--- Records for the exercise Enclosed Below ---

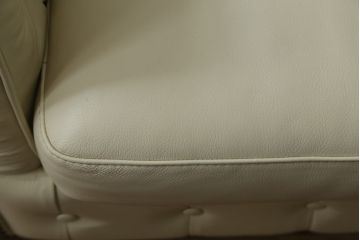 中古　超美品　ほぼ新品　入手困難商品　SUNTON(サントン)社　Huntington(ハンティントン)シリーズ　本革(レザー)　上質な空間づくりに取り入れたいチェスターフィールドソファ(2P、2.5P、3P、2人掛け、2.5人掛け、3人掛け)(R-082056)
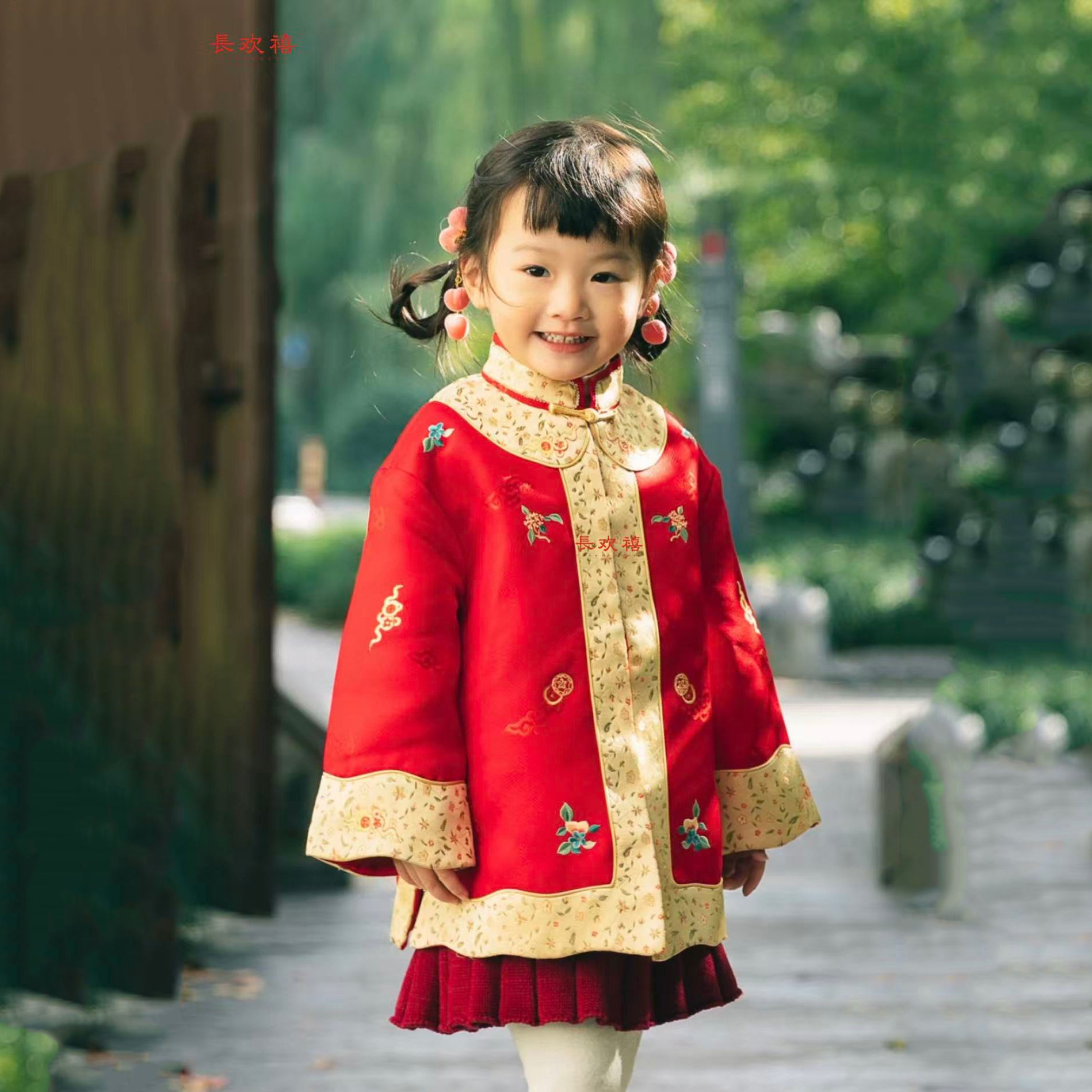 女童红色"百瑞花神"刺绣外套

--- End of Enclosed Records for the exercise ---
--- Records for the exercise Enclosed Below ---

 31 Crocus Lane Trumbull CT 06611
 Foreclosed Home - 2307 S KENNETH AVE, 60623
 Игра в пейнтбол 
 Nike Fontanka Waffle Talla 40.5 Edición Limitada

--- End of Enclosed Records for the exercise ---
--- Records for the exercise Enclosed Below ---

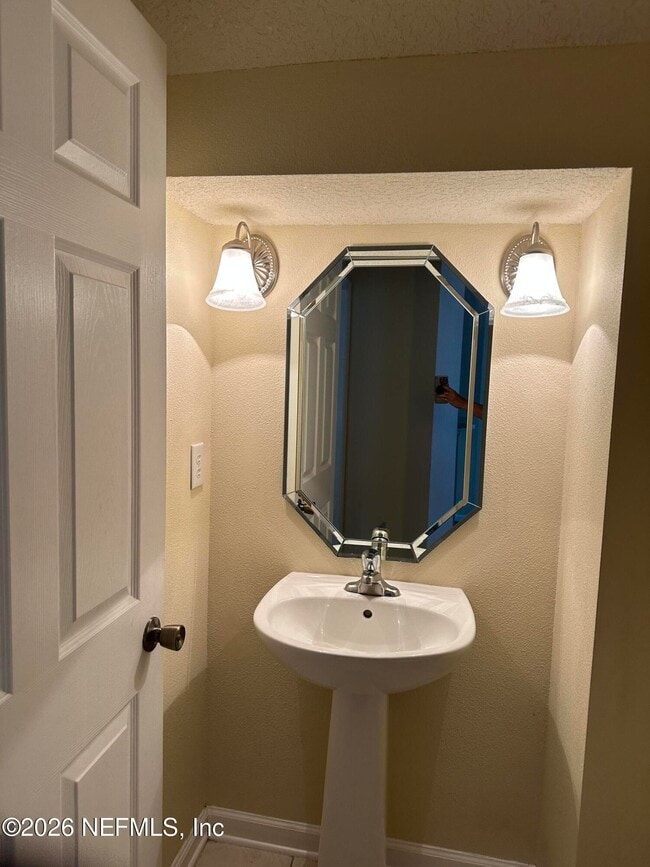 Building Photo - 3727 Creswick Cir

--- End of Enclosed Records for the exercise ---

• [Exercise]: All lines above from the one containing "31 Crocus Lane Trumbull CT 06611" to the one containing "Nike Fontanka Waffle" must be repeated exactly, both lines included, and no others.

• [Answer section]:
 31 Crocus Lane Trumbull CT 06611
 Foreclosed Home - 2307 S KENNETH AVE, 60623
 Игра в пейнтбол 
 Nike Fontanka Waffle Talla 40.5 Edición Limitada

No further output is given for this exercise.